Would you retype exactly the lines below, starting with the one that has "Термобельё женское (джемпер, леггинсы)" and going on through the one that has "Champagne Léon Chandon", with no pictures and nothing else?

### [DATASET ENTRIES]
-- -- --

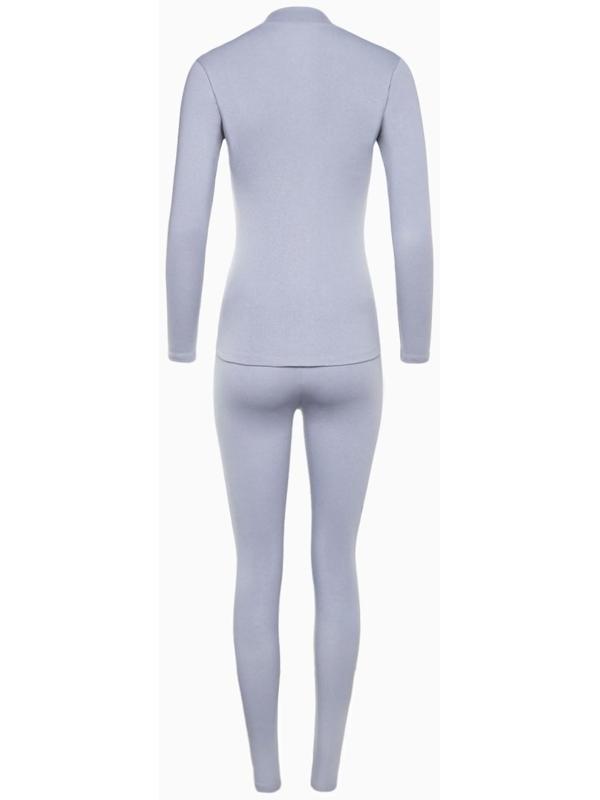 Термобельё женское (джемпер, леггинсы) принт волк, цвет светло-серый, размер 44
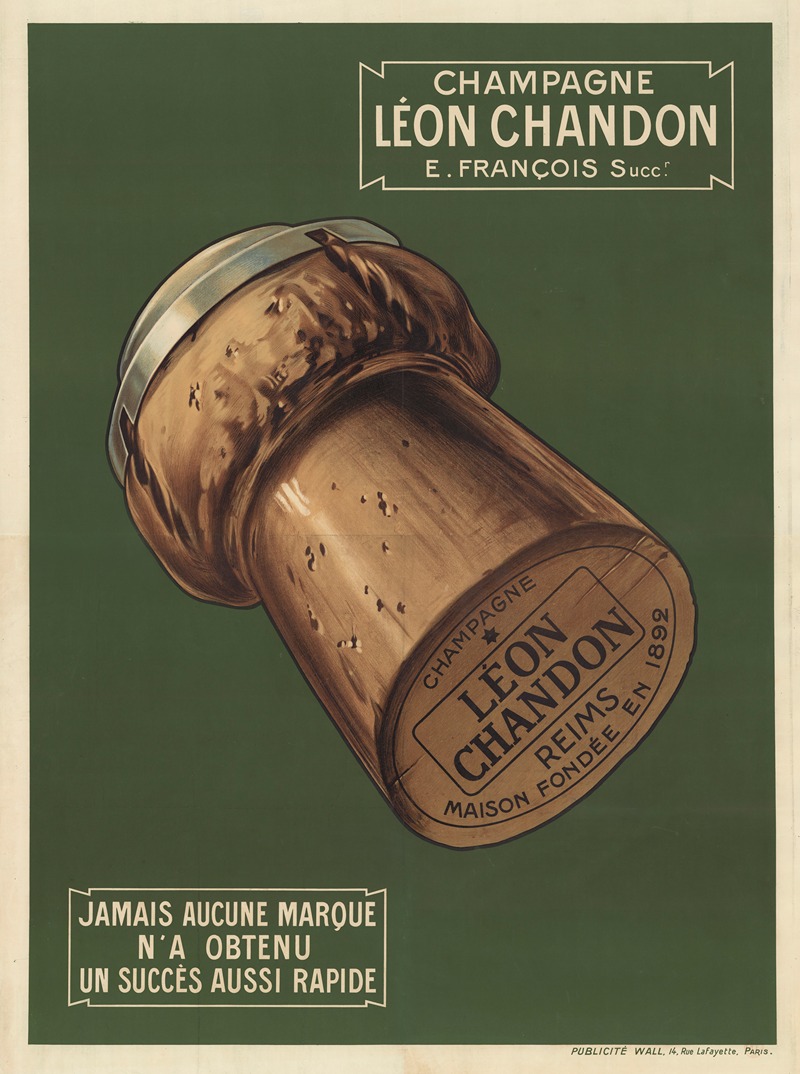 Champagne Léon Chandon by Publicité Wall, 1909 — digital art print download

-- -- --

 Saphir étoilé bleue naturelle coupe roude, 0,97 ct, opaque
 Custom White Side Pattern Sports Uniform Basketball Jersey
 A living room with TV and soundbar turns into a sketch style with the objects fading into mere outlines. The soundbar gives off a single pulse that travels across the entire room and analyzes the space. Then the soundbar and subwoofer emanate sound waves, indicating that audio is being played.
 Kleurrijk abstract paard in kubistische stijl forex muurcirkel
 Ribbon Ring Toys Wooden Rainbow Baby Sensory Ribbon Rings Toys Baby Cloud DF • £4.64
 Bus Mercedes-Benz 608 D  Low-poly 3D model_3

-- -- --

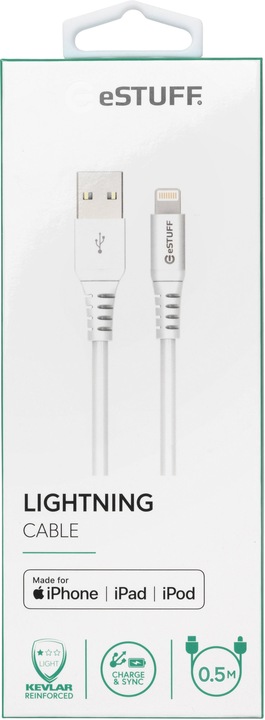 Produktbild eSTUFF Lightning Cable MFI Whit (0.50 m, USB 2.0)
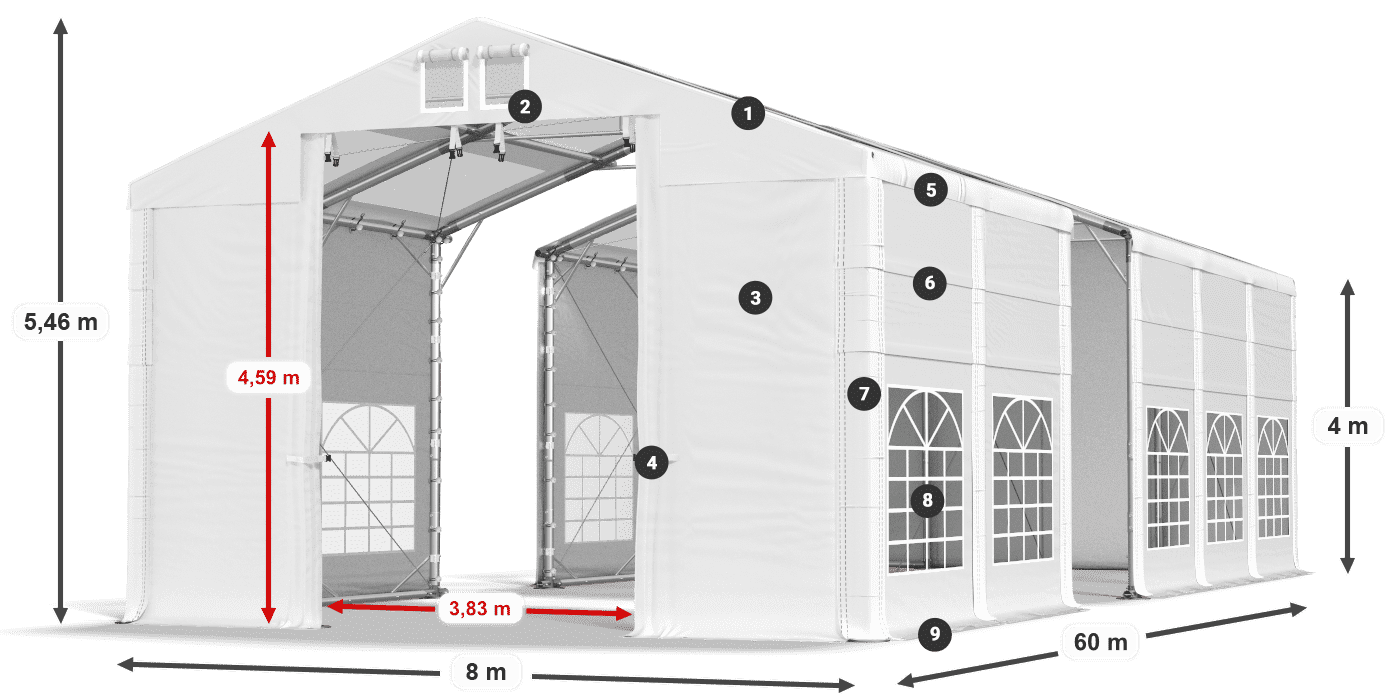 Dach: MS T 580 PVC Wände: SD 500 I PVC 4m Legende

-- -- --

### [WRITTEN ANSWER]
 Термобельё женское (джемпер, леггинсы) принт волк, цвет светло-серый, размер 44
 Champagne Léon Chandon by Publicité Wall, 1909 — digital art print download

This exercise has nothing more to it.